If anyone would like to actually hear Baseball's Hall of Fame Dedication, July 12, 1939, here is the link.

We hear, in order: William G. Bramham (Mayor of Cooperstown), John H. Heydler (Pres. NL), Judge Landis, Ford Frick, Connie Mack, Honus Wagner, Tris Speaker, Nap Lajoie, Cy Young, Walter Johnson, George Sisler, Eddie Collins, Pete Alexander, Babe Ruth. It is SUCH a pleasure to actually hear them all talk. Cobb is absent, due to having arrived too late for the photo/introductions. Connie had a thick Boston accent.

http://www.baseballhalloffame.org/about/history.htm

Sure hope you find their talking as delightful and thrilling as I did!

ENJOY!

Bill Burgess

Bill Burgess
06-07-2007, 04:13 PM
Anyone ever wonder who were the greatest 1-2 punch in BB history? Which bruisers were the most feared by opposing pitchers? The following must have given opposing pitchers some sleepless nights.

1. Ruth-Gehrig-Lazzeri
2. Simmons-Foxx-Cochrane
3. Aaron-Mathews
4. Jackson-Lajoie
5. DiMaggio-Gehrig-Dickey
6. Cobb-Crawford-Veach
7. Mantle-Maris
8. Mays-(McCovey,Cepeda)
9. Canseco-McGuire
10. Gehringer-Greenberg
11. Kent-Bonds
12. Snider-Campanella
13. Cobb-Heilmann-(Veach,Fothergill,Manush)
14. Sisler-Williams
15. Rose-Morgan-Bench
16. Wagner-Clarke
17. Hornsby-Hack Wilson
18. Delahanty-Thompson

Does anyone have any additions? I'm sure I've forgotten many. Just to make this a little spicier, if you can think of any 1-2-3 punches, knock yourself out!
---------------------------------------------
http://baseball-fever.com/showthread.php?t=13889

Bill Burgess
06-07-2007, 04:19 PM
Your Best All-Around Outfield Ever:

All-Around, all things considered. Offense, defense, intangibles, etc.

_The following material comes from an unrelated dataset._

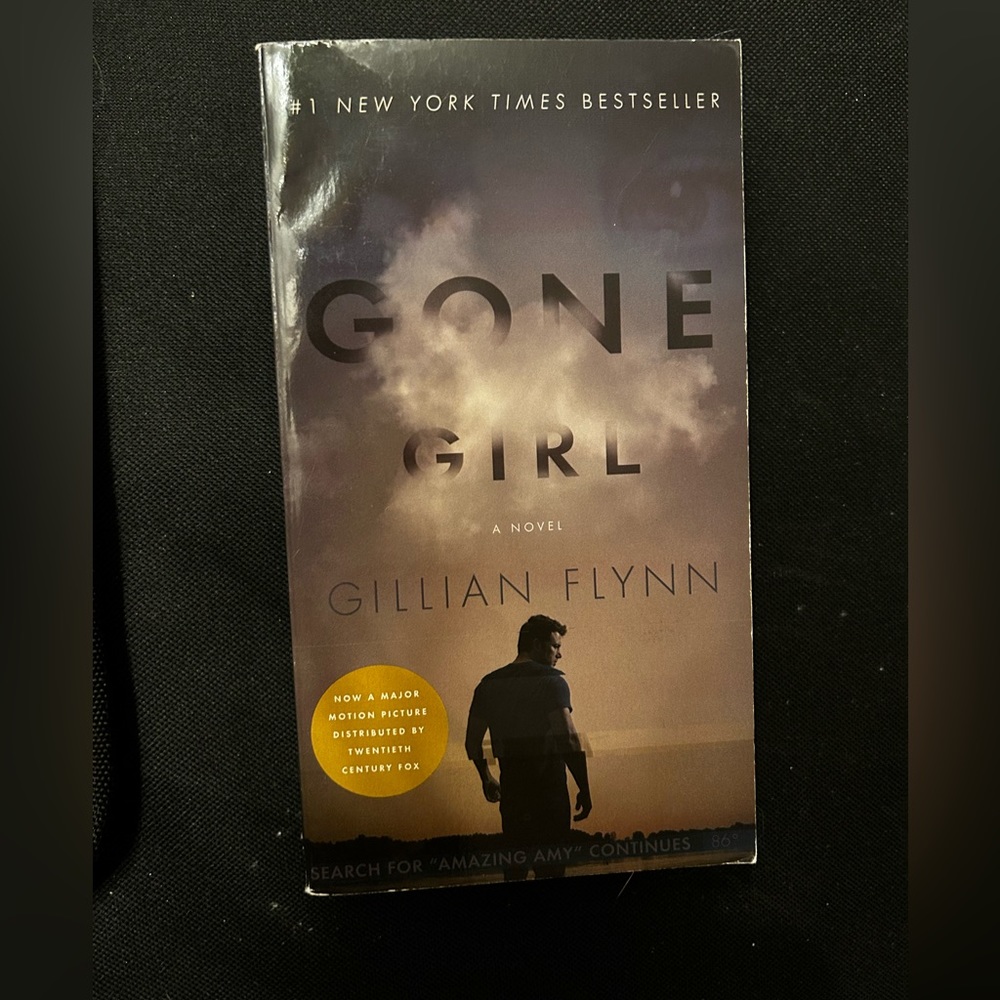 Gone Girl by Gillian Flynn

1. Speaker/Lewis/Hooper - 1910-15 - Red Sox - Defense deluxe, with good hitting blended in.

2. Veach/Cobb/Crawford - 1913-16 - Detroit - Offense deluxe, 2 good gloves.

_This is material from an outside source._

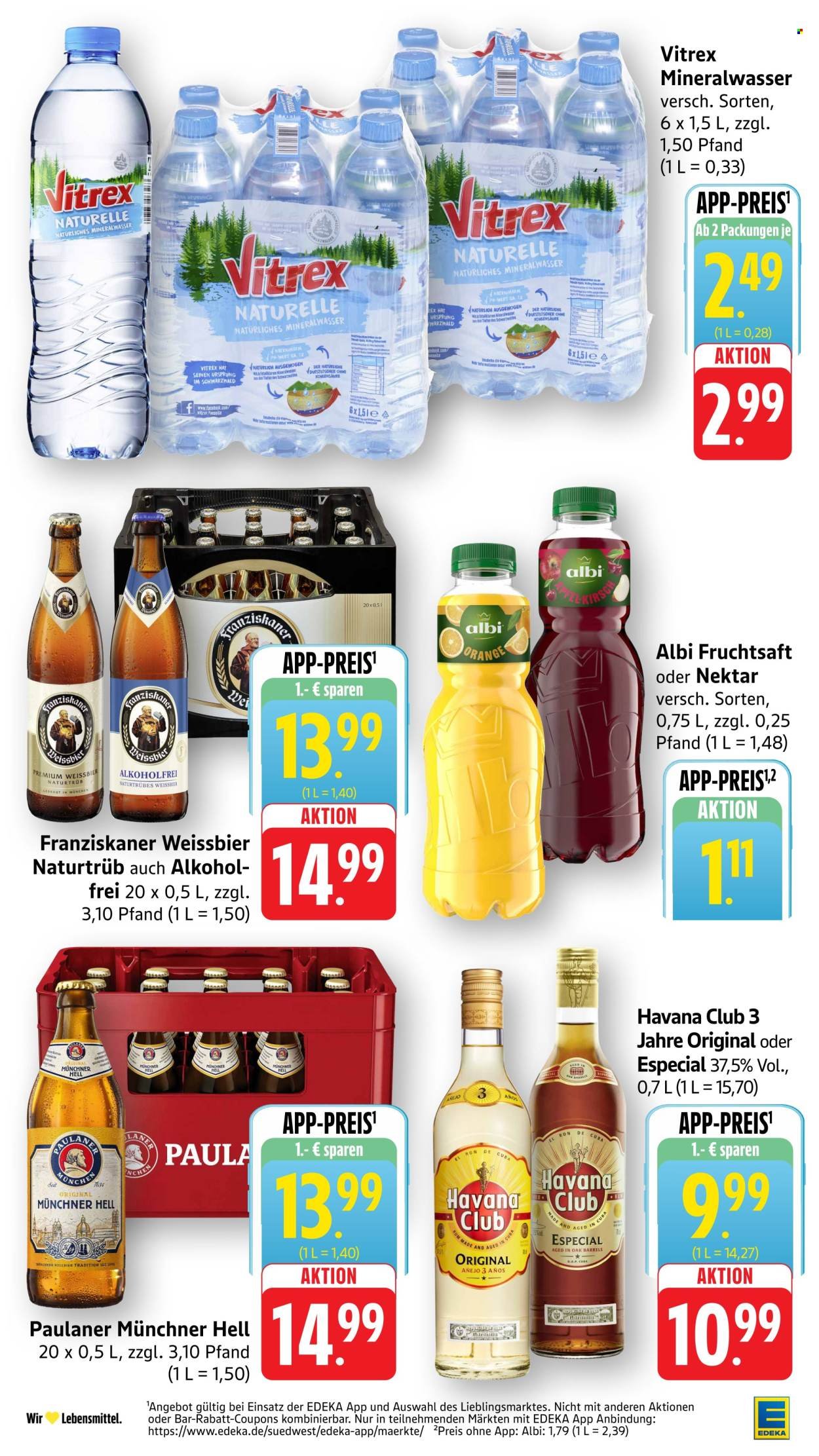EDEKA Prospekt - Ab Montag 27.04.2026 (2026-04-27 - 2026-05-02)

3. Ruth/Combs/Meusel - 1925-29 - Best slugger, good fielder, 2 all time arms.

4. Hamilton/Delahanty/Thompson - 1891-95 - Philadelphia - A runner, 2 hitters.

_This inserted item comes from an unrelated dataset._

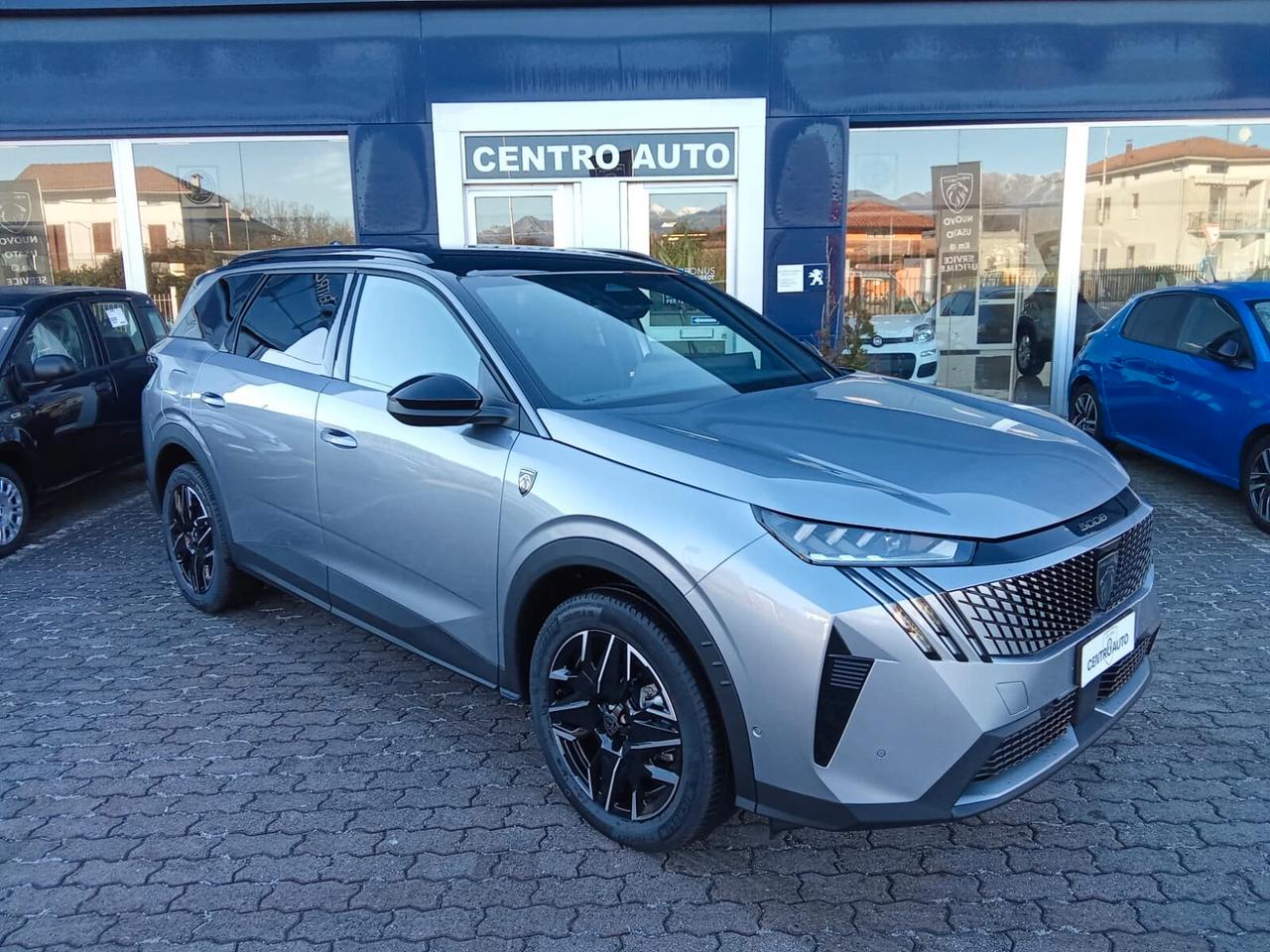 Peugeot 5008 Hybrid 145 e-DCS6 GT 7 Posti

5. Clarke/Beaumont/Wagner - 1902 - Pittsburgh - wonderful balance of gifts.

6. Jackson/Felsch/Leibold - 1916-20, not '18 - White Sox - 2 great fielders, 1 all time bat.

7. Skinner/Virdon/Clemente - 1957-62 - Pittsburgh - 2 great fielders, 1 wonderful bat.

8. Veach/Cobb/Heilmann - 1916-17, 1921-23 - Detroit - Deluxe offense.

9. Harper/Vada Pinson/F. Robinson - 1962-65 - Cincinatti
---------------------------------------------------
Depending on others to help me on the post-1950 guys.
---------------------------------------
http://baseball-fever.com/showthread.php?t=23651

Bill Burgess
06-07-2007, 04:20 PM
Best All-Time Infield: Form Chart:

All-Around, all things considered, offense, defense, intangibles, etc.

1. McInnis/Collins/Barry/Baker - 1911-14 - Athletics - tight D., 2 great bats, 1 runner.

2. Perez/Morgan/Concepcion/Rose - 1975-78 - Reds - good D., wonderful bats.

3. Tenney/Lowe/Long/Collins - 1897-1901 - Boston Nationals - Fantastic D., nice hitting as a side dish.

4. Anson/Pfeffer/Williamson/Burns - 1883-89 White Stockings - 1 great fielder, 1 great bat.

5. Stovall/Lajoie/Turner/Bradley - 1907-10 - Cleveland - 2 sterling gloves, 1 all time bat.

6. Collins/Frisch/Durocher/Martin - 1933-35 - St. Louis - throwback to 1890's Orioles in rough-house, in your face play.

7. Kelly/Frisch/Bancroft/Groh - 1922-23 - Giants - balanced. McGraw's best combo.

8. Skowron/Richardson/Kubek/Boyer 1960-62 - Yankees - nice balance.

9. Hodges/Robinson/Reese/Cox - 1948-52 - Dodgers - tight D., Cox extraordinary glove. Hits thrown in.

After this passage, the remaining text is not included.